One new offering is a conversational Spanish course for employees who want to communicate better with Spanish-speaking colleagues. DeHaven said two such classes have been offered—one for FM supervisors and one at the Yerkes Field Station—and three more will be offered this year.

In January, the 5-year-old “Frontline Leadership” received a makeover and a new name: “Leadership for Results.” The program provides training to better enable managers and supervisors to provide a meaningful and productive work environment.

“This is a new and improved version [of Frontline Leadership],” DeHaven said, explaining that the program contains both management principles as well as Emory-specific policy and procedures. The program is being conducted on the main campus and at the Oxford and Briarcliff campuses. There have been more than 200 participants since the program’s rebirth at the beginning of the year.

“Supervisors play an instrumental role in employee job satisfaction,” said Aimee Harris, call center supervisor at Crawford Long Hospital and a recent Leadership for Results participant. “This program helped me to understand how I can be more effective.”

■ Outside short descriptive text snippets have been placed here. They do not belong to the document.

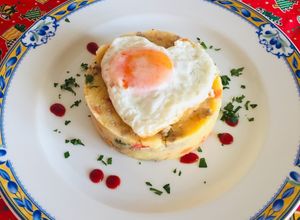 Una foto de Timbal de Polenta con Carne Molida y Vegetales!!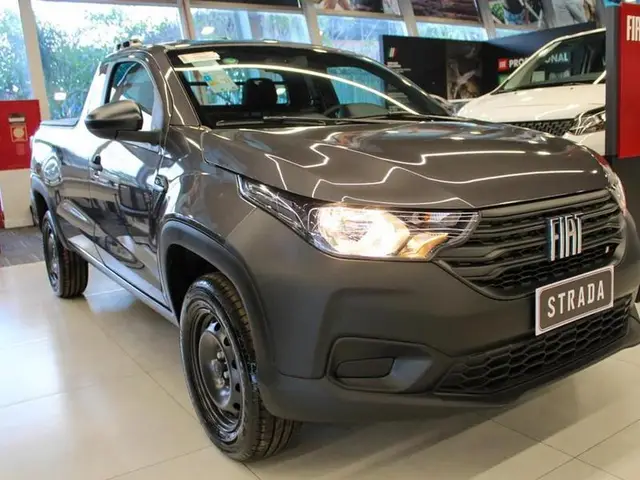 Carro Fiat Strada 2026 Endurance Cabine Plus 1.3 MT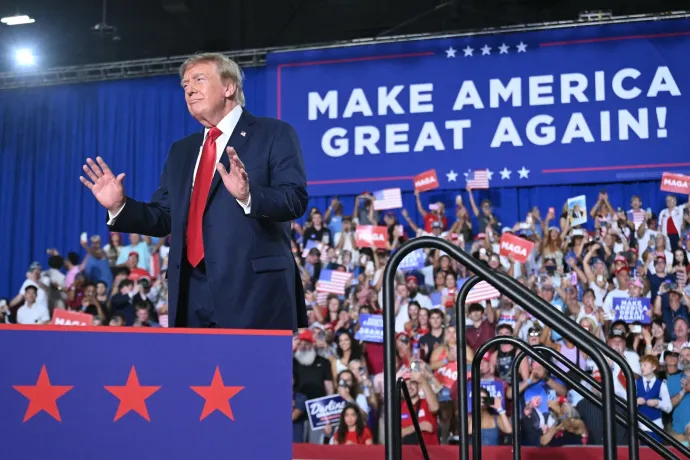 Trump sorozatban lőtte lábon a republikánusokat, a demokraták mégis óriásit kockáztatnak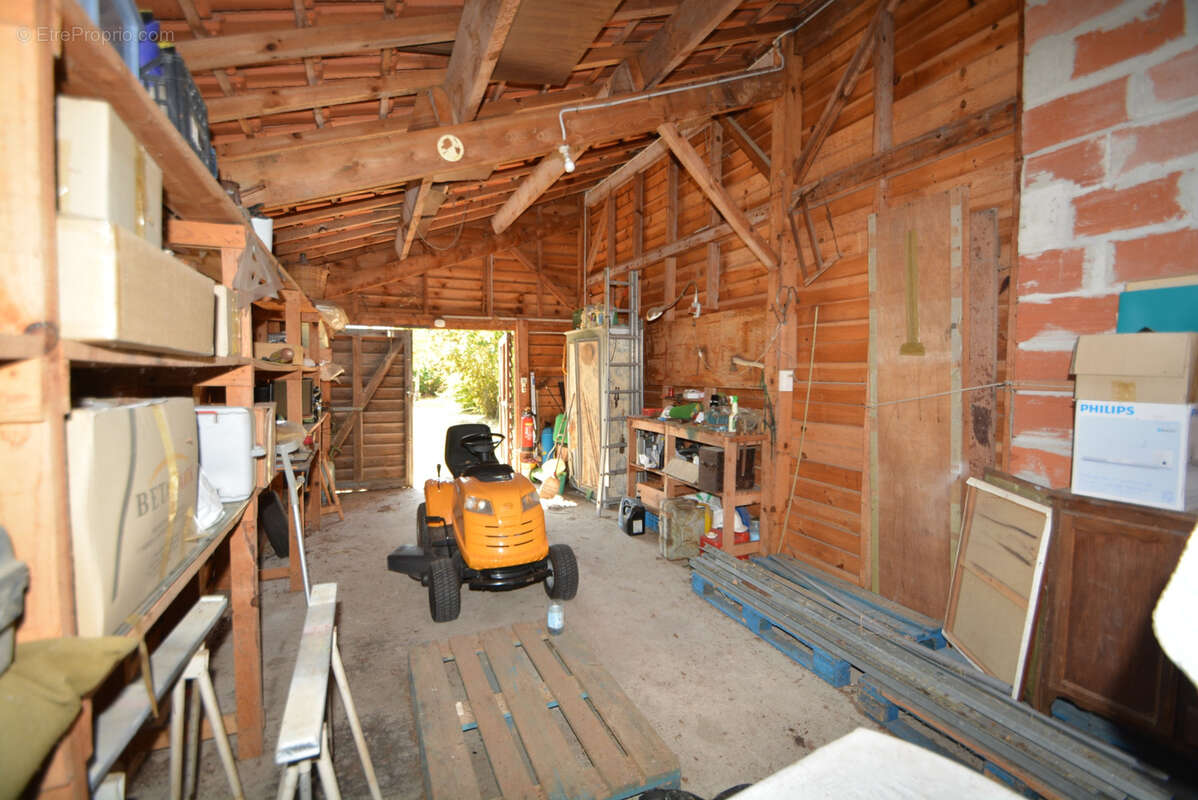 Terrain à bâtir a vendre de 676 m2 + dépendance - le porge - photo 5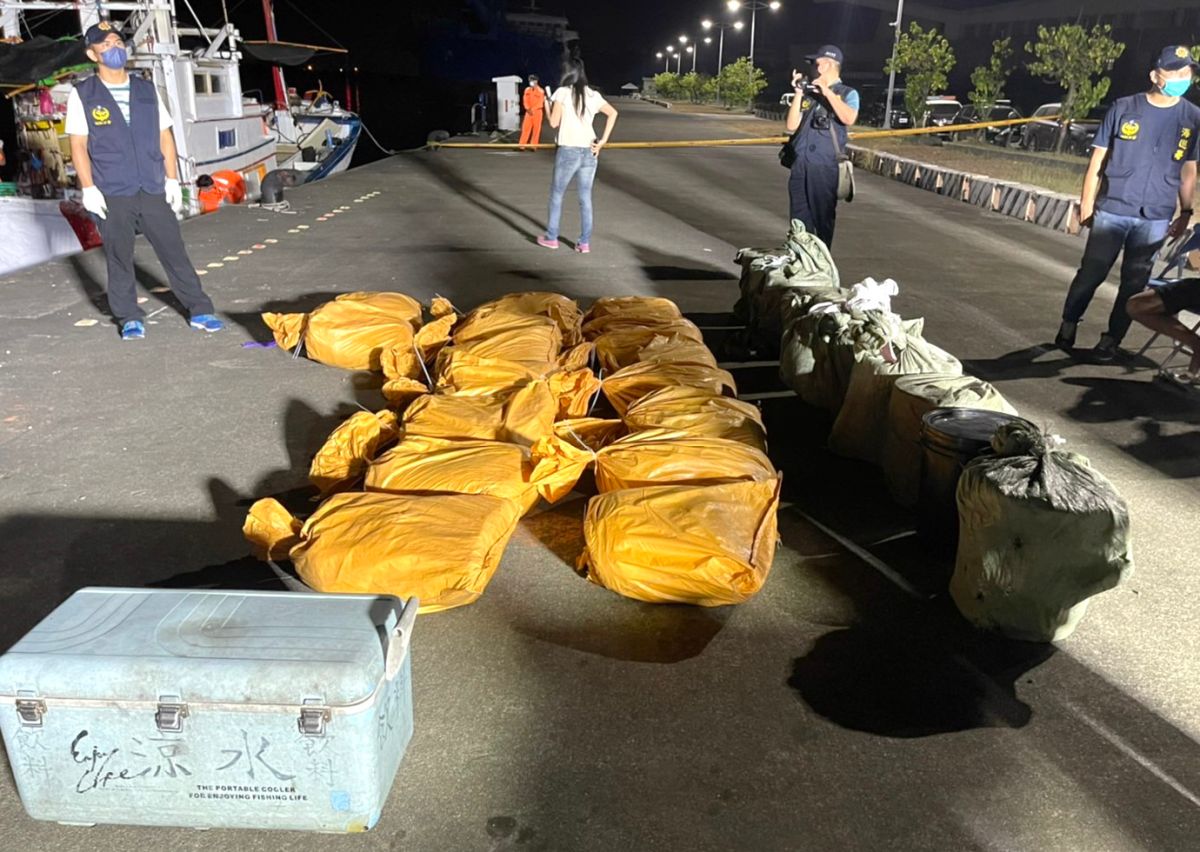 ▲海巡署偵防分署台南查緝隊查獲漁船及快艇走私毒品。(圖／海巡署台南查緝隊提供) 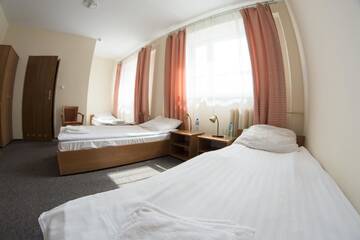 Фото номера Четырехместный номер с собственной ванной комнатой Отель Hotel Stacja Kutno г. Кутно 2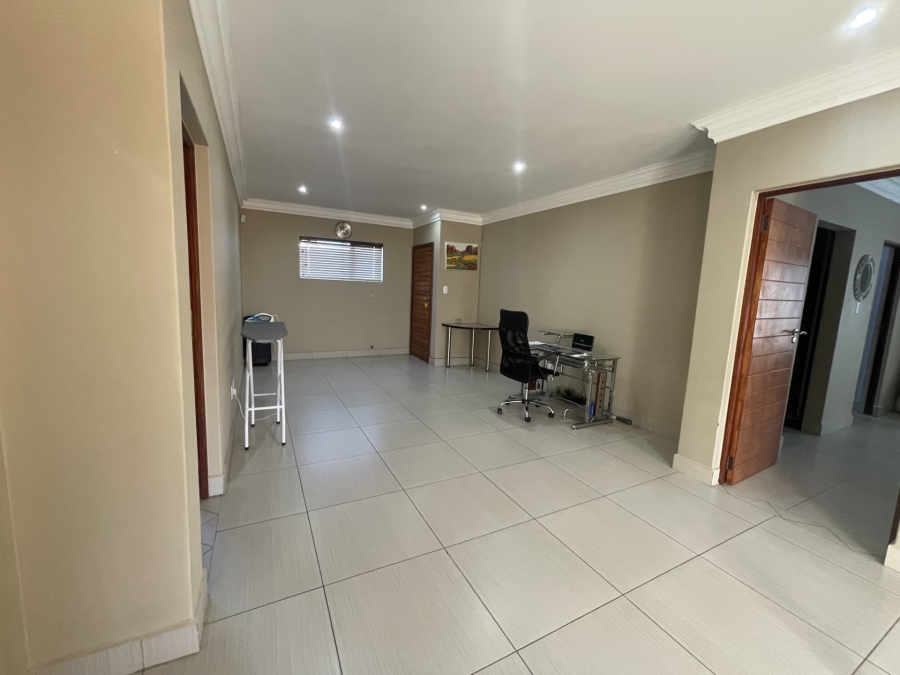 4 Bedroom Property for Sale in Heuwelsig Free State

Human Resources has also begun offering a class entitled “HR Toolkit” that is designed as an overview of human resources practices and procedures for those with HR responsibilities.

All of these programs are offered in addition to long-running HR courses such as business writing, time management, telephone techniques and others.

“That’s what keeps us an employer of choice,” DeHaven said. “It’s our focus on developing people at Emory, it’s our focus on enhancing the workplace for the entire Emory community.”

“It’s about fostering an inclusive workplace,” said Alice Miller, vice president of Human Resources. “We value all of our employees, and we are offering progressive and responsive HR programs for them. We are striving to stay an employer of choice.”